ASSIGNMENT -
Transcribe each line of the records below exactly, excluding any embedded images.

# # # #

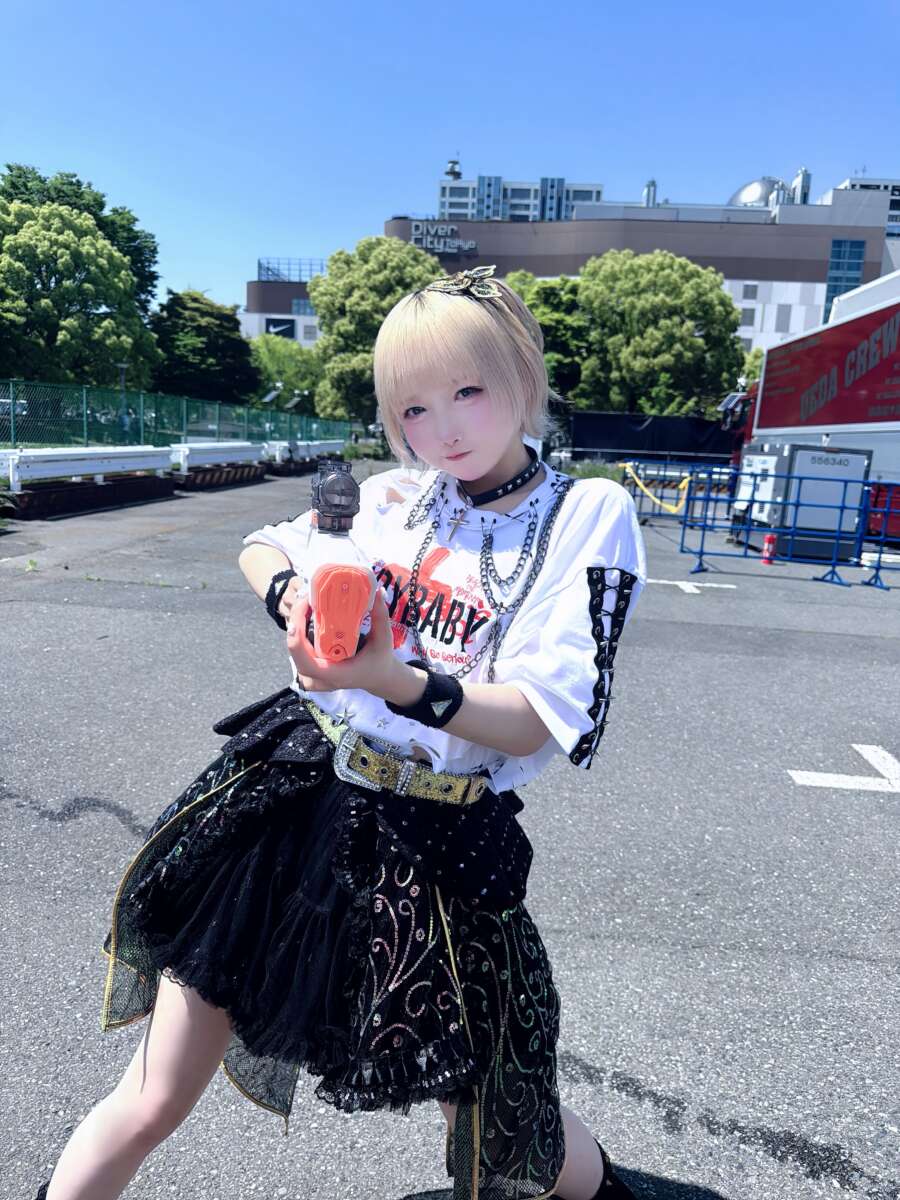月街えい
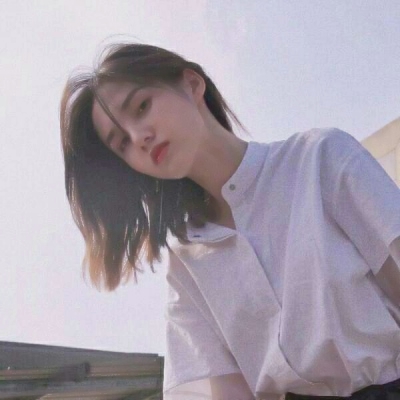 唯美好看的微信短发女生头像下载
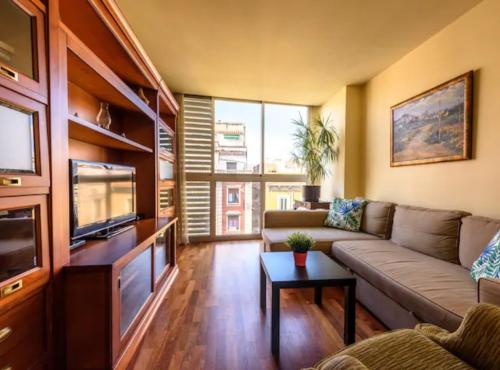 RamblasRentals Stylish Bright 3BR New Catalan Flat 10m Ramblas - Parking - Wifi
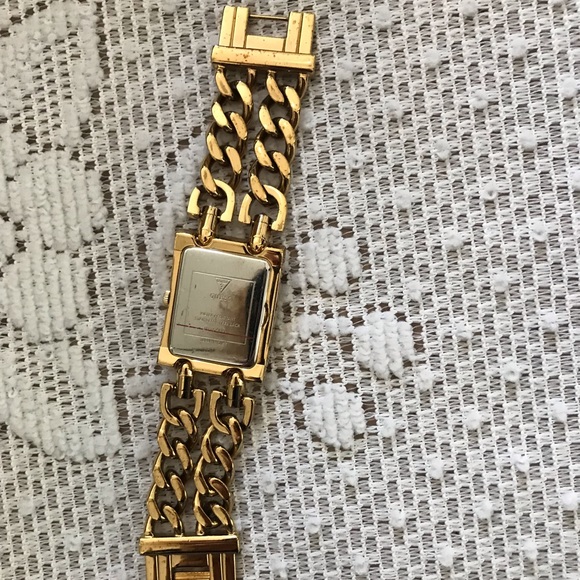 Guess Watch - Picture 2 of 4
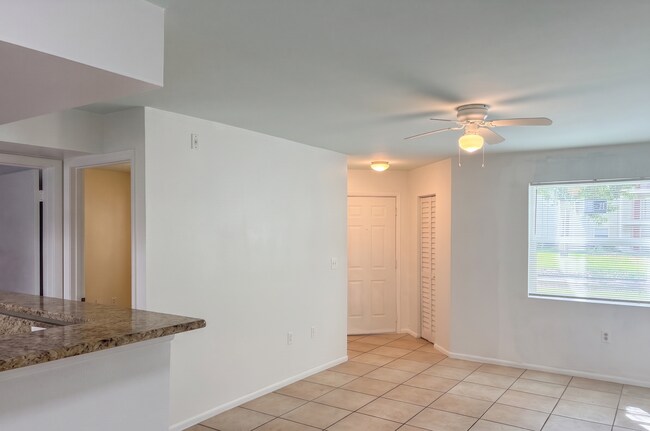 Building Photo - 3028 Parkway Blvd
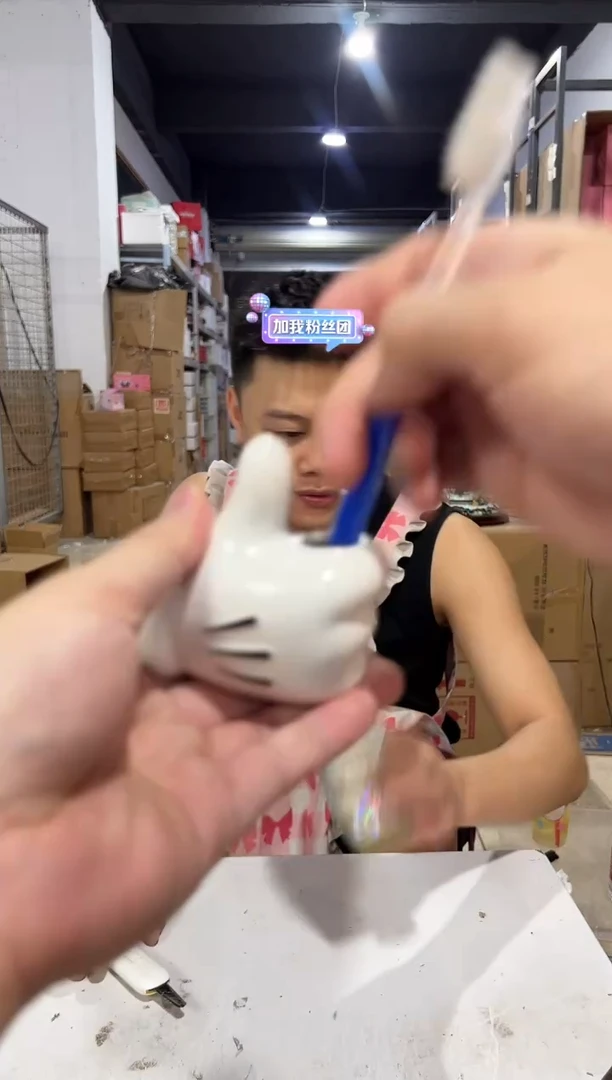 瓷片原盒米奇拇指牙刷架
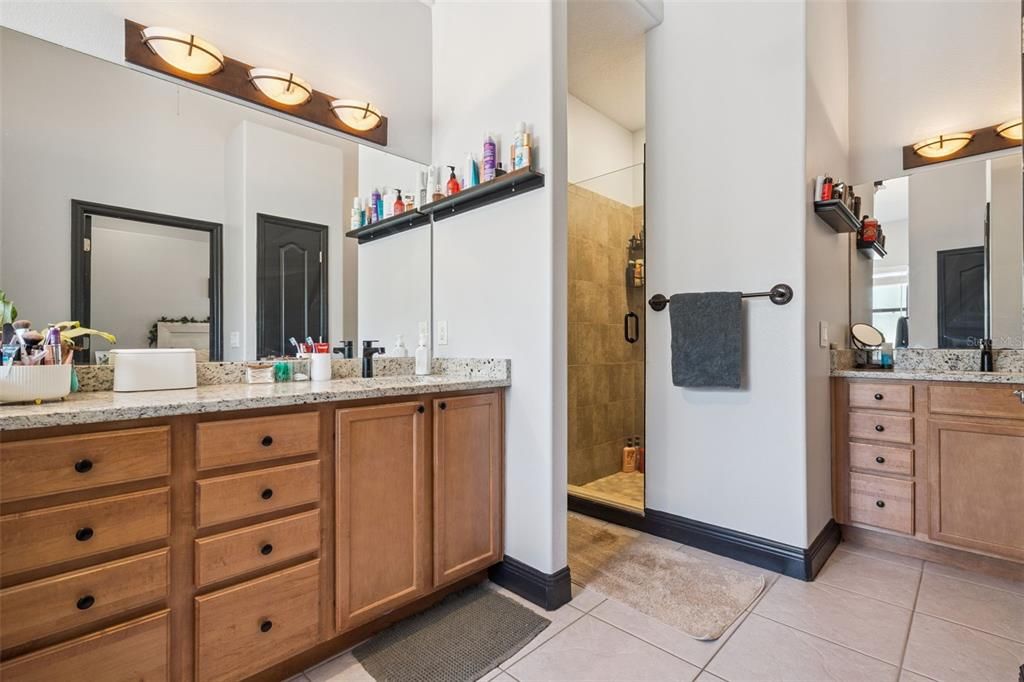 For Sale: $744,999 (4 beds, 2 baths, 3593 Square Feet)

# # # #

RESULT OF THIS EXERCISE -
月街えい
 唯美好看的微信短发女生头像下载
 RamblasRentals Stylish Bright 3BR New Catalan Flat 10m Ramblas - Parking - Wifi
 Guess Watch - Picture 2 of 4
 Building Photo - 3028 Parkway Blvd
 瓷片原盒米奇拇指牙刷架
 For Sale: $744,999 (4 beds, 2 baths, 3593 Square Feet)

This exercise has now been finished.